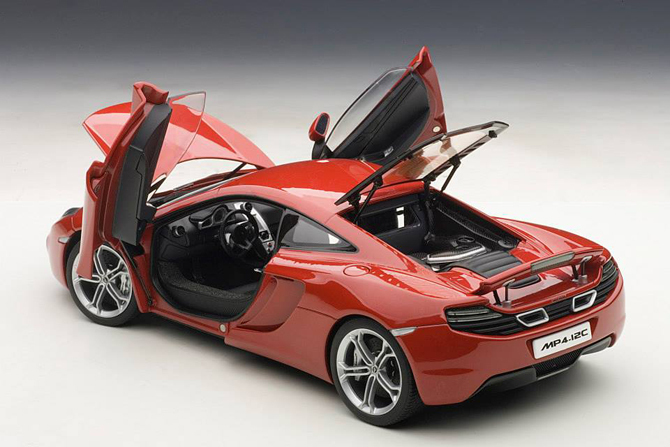 autoart_mclaren_mp4_12c_red_4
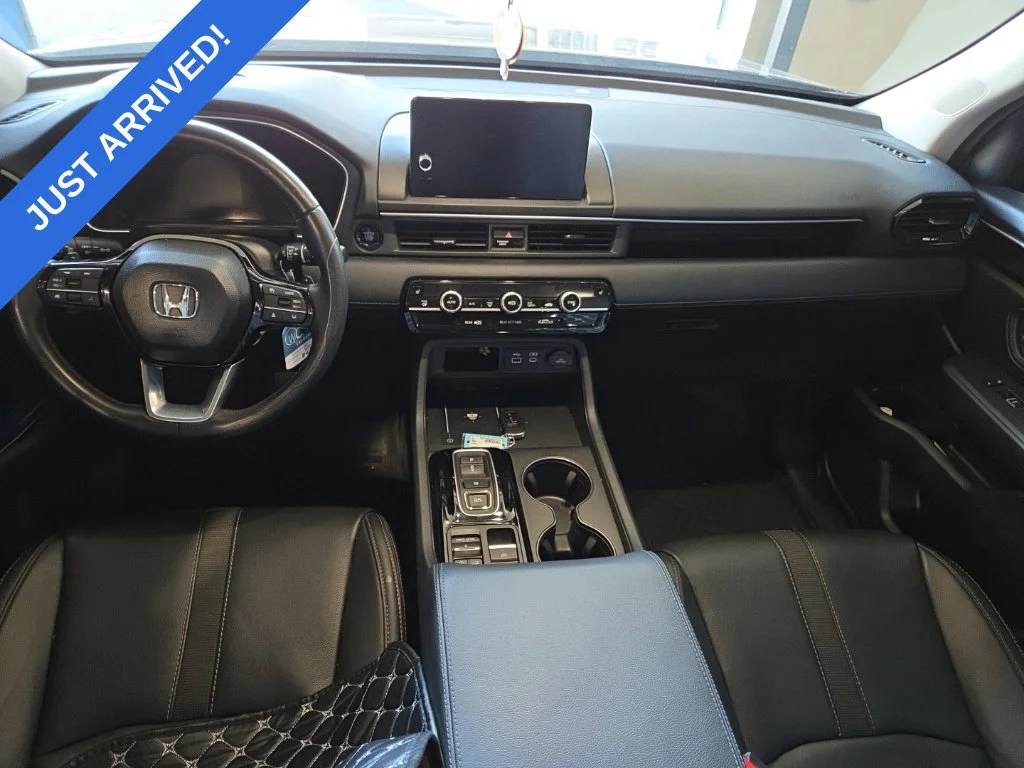 Certified Used 2024 Crystal Black Pearl Honda EX-L image 5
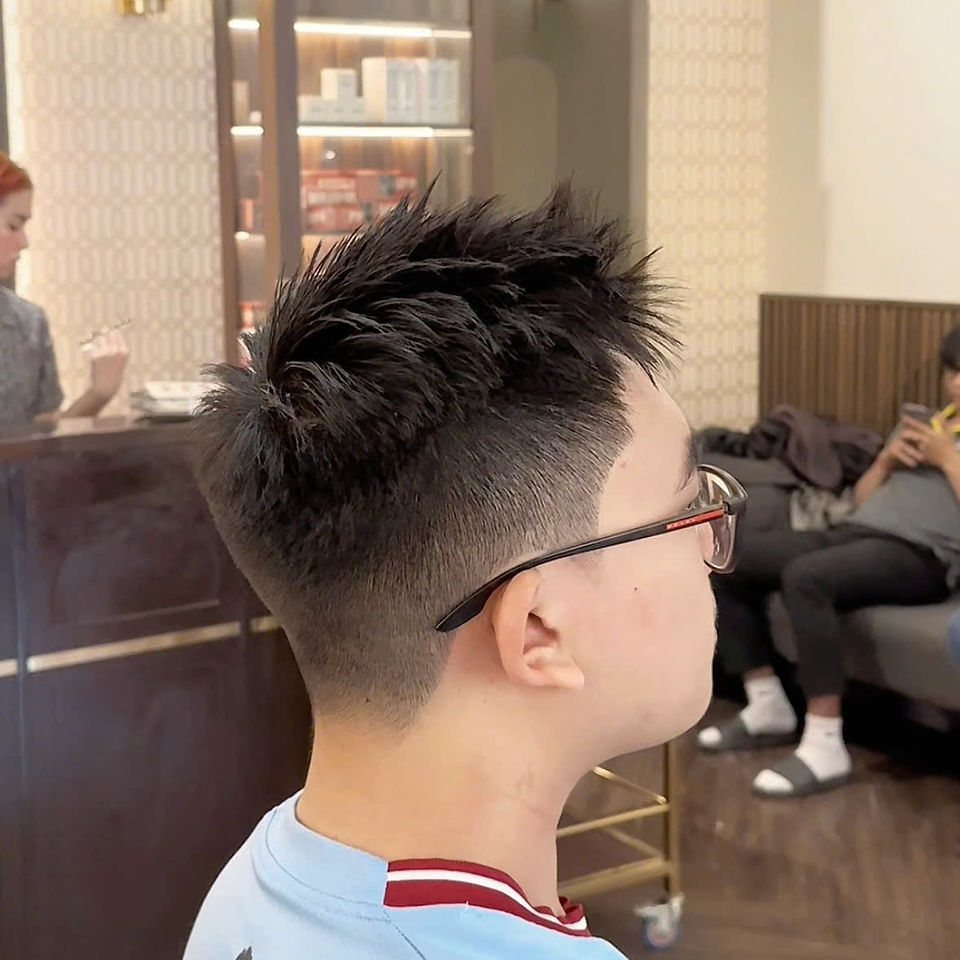 bespoke barbering, bespokecoloring, bespoke home service, cắt tóc tận nơi, cắt tóc tận nhà, barber home service, cạo râu khăn nóng, barber, barbershop, tiệm tóc nam, cắt tóc nam, tiệm hớt tóc, hớt tóc nam, tóc nam đẹp, tiệm cắt tóc quận 3, tiệm tóc quận 10, tiệm tóc quận 5, tóc nam lịch sự, tóc nam cổ điển, cắt tóc, nhuộm tóc nam, uốn tóc, ép side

::::::

→ **Work request**
An exact copy of all the lines above is required, with the pictures removed.

→ **The completed task**
 autoart_mclaren_mp4_12c_red_4
 Certified Used 2024 Crystal Black Pearl Honda EX-L image 5
 bespoke barbering, bespokecoloring, bespoke home service, cắt tóc tận nơi, cắt tóc tận nhà, barber home service, cạo râu khăn nóng, barber, barbershop, tiệm tóc nam, cắt tóc nam, tiệm hớt tóc, hớt tóc nam, tóc nam đẹp, tiệm cắt tóc quận 3, tiệm tóc quận 10, tiệm tóc quận 5, tóc nam lịch sự, tóc nam cổ điển, cắt tóc, nhuộm tóc nam, uốn tóc, ép side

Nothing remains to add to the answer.